Luis del Sol Cascajares (6 April 1935 – 20 June 2021) was a Spanish football midfielder and manager.

He played a total of 112 La Liga games for Betis and Real Madrid (28 goals scored), winning five major titles with the latter side and earning several Ballon d'Or nominations. He later had brief spells as manager with the former club.

Del Sol represented Spain in two World Cups, in the 1960s.

Club career

Betis and Real Madrid
Del Sol was born in Arcos de Jalón, Province of Soria, relocating with his family to Andalusia at age two months.
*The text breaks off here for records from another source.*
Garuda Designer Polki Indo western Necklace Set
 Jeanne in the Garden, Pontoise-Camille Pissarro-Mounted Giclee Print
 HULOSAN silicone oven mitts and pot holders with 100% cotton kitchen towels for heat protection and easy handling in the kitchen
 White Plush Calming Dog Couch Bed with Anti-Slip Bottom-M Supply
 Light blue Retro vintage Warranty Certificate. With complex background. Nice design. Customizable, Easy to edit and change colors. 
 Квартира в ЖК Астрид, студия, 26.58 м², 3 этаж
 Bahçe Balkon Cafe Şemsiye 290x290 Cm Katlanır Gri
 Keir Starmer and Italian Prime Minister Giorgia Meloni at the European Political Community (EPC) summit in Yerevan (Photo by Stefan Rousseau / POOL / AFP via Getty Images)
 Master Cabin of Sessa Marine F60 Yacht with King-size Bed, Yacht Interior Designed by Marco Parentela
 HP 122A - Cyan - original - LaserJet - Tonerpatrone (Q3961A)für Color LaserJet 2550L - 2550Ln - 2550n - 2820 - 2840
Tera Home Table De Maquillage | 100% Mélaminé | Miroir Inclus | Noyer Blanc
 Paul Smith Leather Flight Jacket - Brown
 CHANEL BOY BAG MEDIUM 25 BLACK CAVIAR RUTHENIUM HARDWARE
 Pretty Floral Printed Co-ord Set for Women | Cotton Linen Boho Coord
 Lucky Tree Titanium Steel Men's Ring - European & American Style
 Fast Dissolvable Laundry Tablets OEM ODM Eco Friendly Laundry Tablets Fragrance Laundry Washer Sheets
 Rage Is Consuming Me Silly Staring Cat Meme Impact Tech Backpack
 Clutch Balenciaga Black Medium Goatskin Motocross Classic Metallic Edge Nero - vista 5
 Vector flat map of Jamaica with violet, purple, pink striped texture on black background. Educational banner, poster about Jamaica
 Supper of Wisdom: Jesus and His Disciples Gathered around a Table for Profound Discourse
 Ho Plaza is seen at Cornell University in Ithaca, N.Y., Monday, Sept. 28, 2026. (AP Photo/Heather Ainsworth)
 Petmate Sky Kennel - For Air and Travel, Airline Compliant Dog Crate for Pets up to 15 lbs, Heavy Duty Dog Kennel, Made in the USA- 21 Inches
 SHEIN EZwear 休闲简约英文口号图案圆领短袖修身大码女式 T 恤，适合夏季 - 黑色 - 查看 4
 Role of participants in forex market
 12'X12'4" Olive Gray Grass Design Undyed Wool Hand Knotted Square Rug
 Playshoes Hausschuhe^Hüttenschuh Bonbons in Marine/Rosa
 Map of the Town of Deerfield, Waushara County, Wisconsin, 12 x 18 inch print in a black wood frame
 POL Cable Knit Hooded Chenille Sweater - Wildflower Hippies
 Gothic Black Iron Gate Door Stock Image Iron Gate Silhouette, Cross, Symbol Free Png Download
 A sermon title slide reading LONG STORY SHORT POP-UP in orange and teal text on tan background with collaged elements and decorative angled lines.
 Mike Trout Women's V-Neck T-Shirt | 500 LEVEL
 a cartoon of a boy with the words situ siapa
In his country, he played for Real Betis and Real Madrid; with the former club he was part of the squad that was promoted to La Liga (1958), appearing in 40 games in that level over the course of one and a half seasons and scoring six goals.

Signing with the Merengues in April 1960 for 6 million pesetas, del Sol netted a career-best 17 times in his first full season, while not missing one single minute of action in his 29 appearances as his team won the national championship, after starting the year with the Intercontinental Cup triumph against Peñarol.

Italy
In the summer of 1962, aged 27, del Sol moved abroad and signed for Juventus FC, becoming the club's first ever Spanish player and the third Spaniard in the Serie A. He was assigned the number 10 shirt in 1965 following Omar Sívori's departure to S.S.C. Napoli, and appeared in 292 competitive matches during his spell in Turin (228 in Serie A, 26 in the Coppa Italia and 38 in European competitions), scoring 29 goals (20/6/3), winning the domestic cup in 1965 and the league title two years later. 

In 1970, del Sol joined A.S. Roma, collecting 57 appearances and scoring four goals during his two-year stint in the Italian capital and also serving as team captain, just as compatriot Joaquín Peiró had before him. In total, he remained one full decade in Italy.

Later years
Del Sol returned to Betis for the 1972–73 campaign. After suffering top-flight relegation the 38-year-old decided to retire from football, going on to later coach the club for several spells, starting with its youth sides and being in charge for 13 games as they returned to division one in 2001.

International career

Del Sol earned 16 caps for the Spain national team, scoring three goals. His debut came on 15 May 1960 at the Santiago Bernabéu Stadium, playing the second half of a 3–0 friendly win against England.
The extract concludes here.